(Saved entries)
════════════════
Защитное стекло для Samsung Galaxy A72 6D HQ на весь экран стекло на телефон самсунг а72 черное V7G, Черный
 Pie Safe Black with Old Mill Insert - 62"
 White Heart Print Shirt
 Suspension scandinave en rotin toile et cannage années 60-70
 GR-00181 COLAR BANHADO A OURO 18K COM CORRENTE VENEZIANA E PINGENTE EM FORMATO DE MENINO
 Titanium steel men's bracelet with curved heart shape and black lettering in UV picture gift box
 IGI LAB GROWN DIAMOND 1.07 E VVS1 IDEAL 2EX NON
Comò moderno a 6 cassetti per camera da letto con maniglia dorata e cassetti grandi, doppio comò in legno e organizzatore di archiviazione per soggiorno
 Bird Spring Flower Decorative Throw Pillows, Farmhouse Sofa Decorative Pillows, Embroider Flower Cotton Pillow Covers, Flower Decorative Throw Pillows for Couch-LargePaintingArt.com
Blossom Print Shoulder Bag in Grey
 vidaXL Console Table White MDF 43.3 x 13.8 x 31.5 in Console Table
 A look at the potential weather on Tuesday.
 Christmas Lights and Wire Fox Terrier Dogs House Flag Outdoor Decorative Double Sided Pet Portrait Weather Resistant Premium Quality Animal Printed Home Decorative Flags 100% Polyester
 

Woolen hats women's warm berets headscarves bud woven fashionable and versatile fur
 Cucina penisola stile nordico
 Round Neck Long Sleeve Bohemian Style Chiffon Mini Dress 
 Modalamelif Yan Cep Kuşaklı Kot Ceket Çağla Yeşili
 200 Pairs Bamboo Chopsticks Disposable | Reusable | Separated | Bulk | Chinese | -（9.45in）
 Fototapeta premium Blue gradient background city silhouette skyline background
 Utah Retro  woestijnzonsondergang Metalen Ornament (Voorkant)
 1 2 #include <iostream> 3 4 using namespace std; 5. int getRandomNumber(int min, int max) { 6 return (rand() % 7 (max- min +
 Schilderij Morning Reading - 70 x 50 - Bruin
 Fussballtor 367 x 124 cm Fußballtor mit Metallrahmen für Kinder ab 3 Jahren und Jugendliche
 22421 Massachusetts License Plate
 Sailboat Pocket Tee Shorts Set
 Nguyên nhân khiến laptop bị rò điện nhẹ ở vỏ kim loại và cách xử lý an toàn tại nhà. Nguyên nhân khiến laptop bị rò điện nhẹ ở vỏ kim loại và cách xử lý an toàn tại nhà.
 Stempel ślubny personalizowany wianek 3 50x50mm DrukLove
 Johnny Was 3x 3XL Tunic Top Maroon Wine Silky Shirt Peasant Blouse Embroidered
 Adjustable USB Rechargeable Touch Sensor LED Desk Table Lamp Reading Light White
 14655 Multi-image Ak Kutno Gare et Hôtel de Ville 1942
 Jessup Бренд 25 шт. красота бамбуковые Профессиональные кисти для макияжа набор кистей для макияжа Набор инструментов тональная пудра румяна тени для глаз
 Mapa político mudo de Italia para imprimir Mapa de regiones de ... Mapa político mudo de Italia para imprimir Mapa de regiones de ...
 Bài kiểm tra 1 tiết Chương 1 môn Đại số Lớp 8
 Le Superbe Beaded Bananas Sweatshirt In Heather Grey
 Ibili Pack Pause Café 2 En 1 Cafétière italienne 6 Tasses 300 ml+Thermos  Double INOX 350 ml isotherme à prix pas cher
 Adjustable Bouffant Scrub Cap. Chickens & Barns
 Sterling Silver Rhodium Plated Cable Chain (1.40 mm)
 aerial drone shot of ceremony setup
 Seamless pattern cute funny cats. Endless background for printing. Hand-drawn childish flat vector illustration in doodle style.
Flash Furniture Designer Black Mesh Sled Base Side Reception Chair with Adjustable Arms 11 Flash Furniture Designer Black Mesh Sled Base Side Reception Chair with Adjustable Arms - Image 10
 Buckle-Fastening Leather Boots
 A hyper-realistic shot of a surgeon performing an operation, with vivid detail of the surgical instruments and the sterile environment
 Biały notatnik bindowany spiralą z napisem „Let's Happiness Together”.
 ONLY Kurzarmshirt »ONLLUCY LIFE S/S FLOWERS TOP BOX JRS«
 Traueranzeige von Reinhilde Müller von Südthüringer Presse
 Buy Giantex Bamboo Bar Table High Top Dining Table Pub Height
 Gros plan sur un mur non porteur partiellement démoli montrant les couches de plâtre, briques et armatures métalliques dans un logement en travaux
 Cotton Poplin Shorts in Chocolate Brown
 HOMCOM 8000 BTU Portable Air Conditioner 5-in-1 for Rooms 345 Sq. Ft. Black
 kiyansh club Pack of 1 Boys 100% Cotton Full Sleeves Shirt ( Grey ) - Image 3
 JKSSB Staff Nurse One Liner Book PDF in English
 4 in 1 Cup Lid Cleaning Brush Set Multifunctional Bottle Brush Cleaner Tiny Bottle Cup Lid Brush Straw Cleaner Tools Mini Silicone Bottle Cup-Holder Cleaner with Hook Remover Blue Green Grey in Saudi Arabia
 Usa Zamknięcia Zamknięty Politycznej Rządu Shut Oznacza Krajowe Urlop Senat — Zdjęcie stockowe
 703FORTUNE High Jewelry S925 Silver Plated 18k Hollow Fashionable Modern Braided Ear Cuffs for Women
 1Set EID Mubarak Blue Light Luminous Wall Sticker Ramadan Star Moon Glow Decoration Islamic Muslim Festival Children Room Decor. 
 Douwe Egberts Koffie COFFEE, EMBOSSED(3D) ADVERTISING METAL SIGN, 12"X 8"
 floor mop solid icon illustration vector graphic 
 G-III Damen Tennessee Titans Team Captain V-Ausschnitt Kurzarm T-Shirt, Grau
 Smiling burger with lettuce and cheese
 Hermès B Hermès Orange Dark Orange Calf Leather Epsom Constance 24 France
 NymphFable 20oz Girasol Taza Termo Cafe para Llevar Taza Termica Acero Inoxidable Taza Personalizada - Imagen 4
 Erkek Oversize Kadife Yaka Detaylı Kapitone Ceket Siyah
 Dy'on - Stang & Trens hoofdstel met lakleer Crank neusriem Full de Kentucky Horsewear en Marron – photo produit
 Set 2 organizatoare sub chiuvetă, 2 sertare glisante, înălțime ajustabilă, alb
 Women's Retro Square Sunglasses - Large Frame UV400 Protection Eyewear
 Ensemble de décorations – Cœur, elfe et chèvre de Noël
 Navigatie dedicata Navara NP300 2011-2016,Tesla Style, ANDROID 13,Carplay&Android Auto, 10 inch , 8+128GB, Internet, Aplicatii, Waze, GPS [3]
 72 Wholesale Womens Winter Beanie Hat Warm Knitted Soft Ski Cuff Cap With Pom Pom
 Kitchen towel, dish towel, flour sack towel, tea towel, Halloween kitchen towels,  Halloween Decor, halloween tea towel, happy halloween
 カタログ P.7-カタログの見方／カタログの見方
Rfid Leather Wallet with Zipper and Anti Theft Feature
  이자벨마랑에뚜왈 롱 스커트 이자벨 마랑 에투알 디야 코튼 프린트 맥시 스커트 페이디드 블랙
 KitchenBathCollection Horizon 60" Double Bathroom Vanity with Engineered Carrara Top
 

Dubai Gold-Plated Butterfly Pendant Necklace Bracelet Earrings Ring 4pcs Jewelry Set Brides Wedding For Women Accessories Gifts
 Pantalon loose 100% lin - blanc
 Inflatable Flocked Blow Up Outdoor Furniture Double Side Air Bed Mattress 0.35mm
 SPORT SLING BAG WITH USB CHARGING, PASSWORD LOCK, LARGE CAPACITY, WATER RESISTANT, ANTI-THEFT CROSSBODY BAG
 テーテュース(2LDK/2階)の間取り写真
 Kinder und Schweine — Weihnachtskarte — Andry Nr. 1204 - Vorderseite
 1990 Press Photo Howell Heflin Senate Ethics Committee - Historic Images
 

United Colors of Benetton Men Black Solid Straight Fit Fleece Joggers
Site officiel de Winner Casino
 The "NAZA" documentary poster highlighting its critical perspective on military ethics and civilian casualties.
════════════════
What to work on: After locating the line holding "Cotton Poplin Shorts in Chocolate Brown" above, output exactly that line and every line after it through the line holding "1Set EID Mubarak". Include nothing else.

Solution to this problem:
 Cotton Poplin Shorts in Chocolate Brown
 HOMCOM 8000 BTU Portable Air Conditioner 5-in-1 for Rooms 345 Sq. Ft. Black
 kiyansh club Pack of 1 Boys 100% Cotton Full Sleeves Shirt ( Grey ) - Image 3
 JKSSB Staff Nurse One Liner Book PDF in English
 4 in 1 Cup Lid Cleaning Brush Set Multifunctional Bottle Brush Cleaner Tiny Bottle Cup Lid Brush Straw Cleaner Tools Mini Silicone Bottle Cup-Holder Cleaner with Hook Remover Blue Green Grey in Saudi Arabia
 Usa Zamknięcia Zamknięty Politycznej Rządu Shut Oznacza Krajowe Urlop Senat — Zdjęcie stockowe
 703FORTUNE High Jewelry S925 Silver Plated 18k Hollow Fashionable Modern Braided Ear Cuffs for Women
 1Set EID Mubarak Blue Light Luminous Wall Sticker Ramadan Star Moon Glow Decoration Islamic Muslim Festival Children Room Decor. 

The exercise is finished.